Après avoir ôté son pacol afghan, vêtu d’un camiz-charouar marron et de sandales, il attendit, la tête baissée.

— As-tu déjà été à Londres, en Angleterre ? demanda le colonel Hakim.

Shapour Nawqui secoua la tête.

— Non, colonel Sahib.

— Tu vas y aller. Pour moi.

Le Pachtoun inclina la tête, obéissant, mais se permit de remarquer :

— Je n’ai pas de visa britannique, colonel Sahib.

— Tu disposeras d’un passeport britannique au nom d’un Pakistanais installé à Londres, précisa le colonel de l’ISI. Tu n’auras donc pas besoin de visa…

Le colonel de l’ISI avait dans son coffre une demi-douzaine de passeports authentiques appartenant à des Pakistanais naturalisés, qui venaient passer quelque temps dans leur pays. Liés à l’ISI pour d’obscures raisons, ils « prêtaient » leur passeport à l’agence de renseignements pour que celle-ci puisse infiltrer des agents sur le sol britannique. Il suffisait de changer la photo, ce que la division technique de l’ISI faisait parfaitement.

— Tu parles anglais ?

— Yes, colonel Sahib, mais pas très bien.

— Cela n’a pas d’importance.

Beaucoup de Pakistanais, fraîchement naturalisés, parlaient mal leur nouvelle langue. Le colonel Hakim précisa :

— Je vais m’occuper de ton billet d’avion et te préparer le dossier. Tu dois savoir qui tu es. Je te dirai également ce que tu dois faire à Londres. Et comment tu dois t’y prendre…

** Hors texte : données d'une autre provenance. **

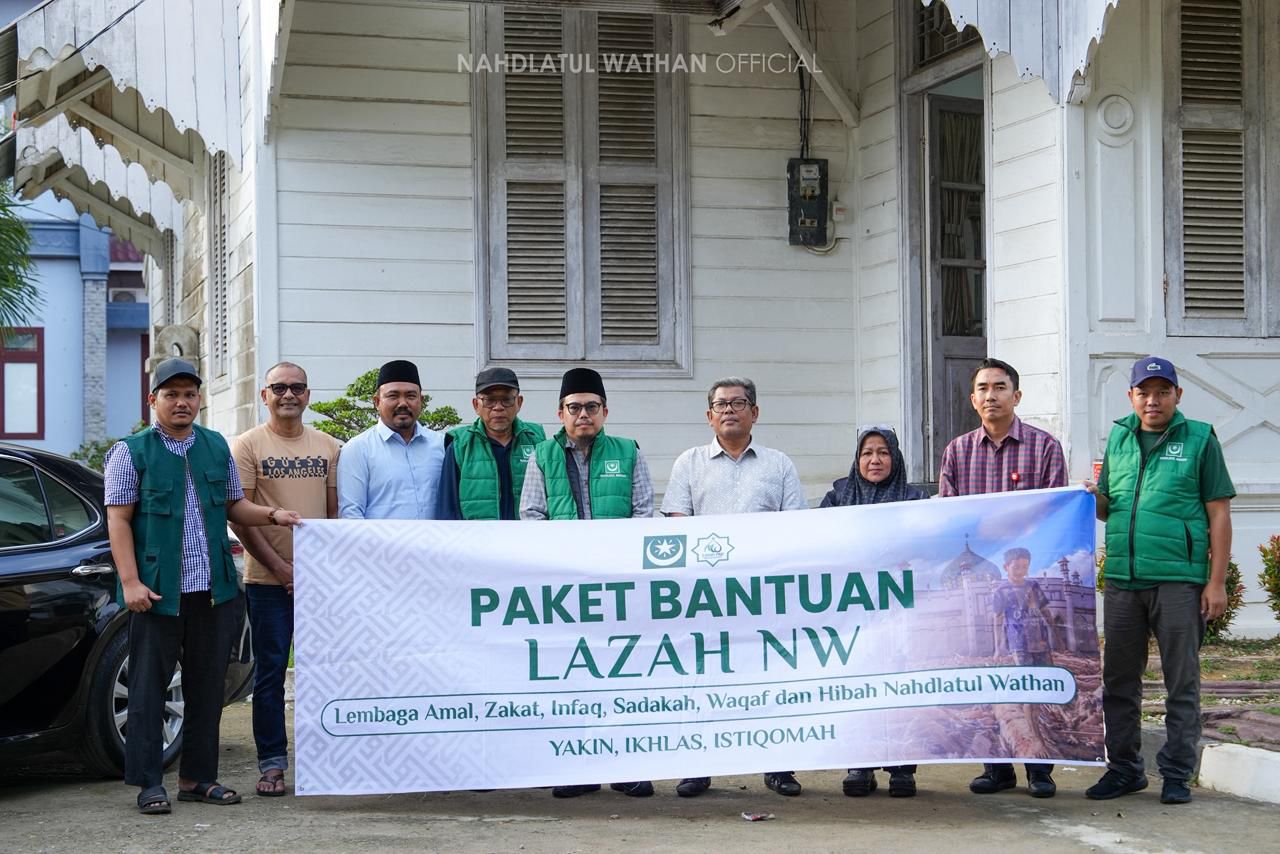 Lembaga Amil Zakat, Infak, Sedekah, dan Wakaf Nahdlatul Wathan (LAZAH NW), organisasi ini menyalurkan bantuan pemulihan pascabencana banjir bandang Sumatra.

Le Pachtoun dodelina de la tête, pour acquiescer. Intimidé, il ne voulait pas poser trop de questions. Ses amis d’Al-Qaida lui fourniraient sûrement quelques indications sur l’Angleterre. Eux étaient bien implantés dans la capitale britannique, où il n’avait jamais mis les pieds. Mais Islamabad était une grande ville et il ne serait pas dépaysé.

— Je te convoquerai dans vingt-quatre heures, conclut le colonel Hakim. Qu’Allah veille sur toi…

Dès que le grand Pachtoun eut disparu, il se mit à préparer le côté technique de l’opération. « Cobra » apportait une sécurité supplémentaire : en cas de pépin, c’est Al-Qaida qui serait accusée, pas l’ISI. Il suffisait, pour verrouiller le tout, qu’une plainte pour vol soit déposée, antidatée, par le véritable propriétaire du passeport, pour dédouaner les autorités pakistanaises. Al-Qaida aussi utilisait des passeports maquillés. Moins bien que ceux de l’ISI, évidemment.